Charlie Holland, chief winemaker and chief executive, said: “We are delighted to report year-on-year revenue growth of 24% over the last six months, despite the challenges presented by Covid-19. We intend to continue to produce and sell a range of vintage wines of exceptional quality from grapes grown in our own vineyards, and to further grow and develop the business in a manner which remains consistent with the aspirations for the Gusbourne brand.

“Warm spring weather led to an early and successful flowering indicative of good yield potential. Less intensity of warmth as we entered the ripening period will slightly lengthen the time to harvest allowing for the complexities of flavour to mature. The prospects for the quality of the grapes, which are due to be harvested shortly, remain high as in previous years.

“Current trading reflects continuing sales growth combined with the careful management of costs and liquidity. We remain confident about the long-term prospects of the business.”

Town Centre Securities, the regional property investor and car park operator, has sold four retail properties in Scotland and London for a total sum of £35.2m. The units sold comprise of two Waitrose stores in Milngavie and Glasgow; an Aldi/Home Bargains store in Milngavie; and a high street retail store in Chiswick, London. The details of the sales are as follows:

Edward Ziff, chairman and chief Executive of TCS, said: “These disposals represent an acceleration of our strategy to reposition TCS’s portfolio; reducing our retail exposure, and enabling a significant reduction in bank debt.

“We have successfully navigated an extremely difficult period as a result of the COVID-19 disruption, and have continued to receive high levels of rent receipts. That said it has become increasingly clear that we need to reset and reinvigorate the business. These disposals represent the beginning of that process.

“Reducing indebtedness and increasing headroom for growth ensures TCS is better placed to move forward beyond the current period of uncertainty.”

Universe Group is seeking a new finance director after Daryl Paton decided to step down to pursue a new career opportunity. Paton will remain with the company until his successor is appointed and for a short period thereafter to ensure a smooth handover. The fintech company, which works with retailers and forecourt operators, has commenced a search for his successor and a further announcement will be made in due course.

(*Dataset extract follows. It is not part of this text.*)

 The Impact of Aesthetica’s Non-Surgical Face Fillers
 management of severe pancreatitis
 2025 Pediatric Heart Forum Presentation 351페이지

Chief executive Jeremy Lewis said: “I would like to thank Daryl for his contribution to Universe over the past three years and we respect his decision to leave to pursue a new opportunity. He is remaining with the company to ensure an orderly handover of his responsibilities and I look forward to announcing the appointment of his successor in due course.”

This week in the City

Company results continue this week with Irn-Bru maker AG Barr to report its first-half figures tomorrow, followed by full-year numbers from PZ Cussons and Origin Enterprises on Wednesday.

General Mills will also update on its first quarter this week.

In wider economic news, tomorrow brings public sector net borrowing numbers along with the latest CBI Industrial Trends surveys. Friday will see the latest GFK Consumer Confidence index.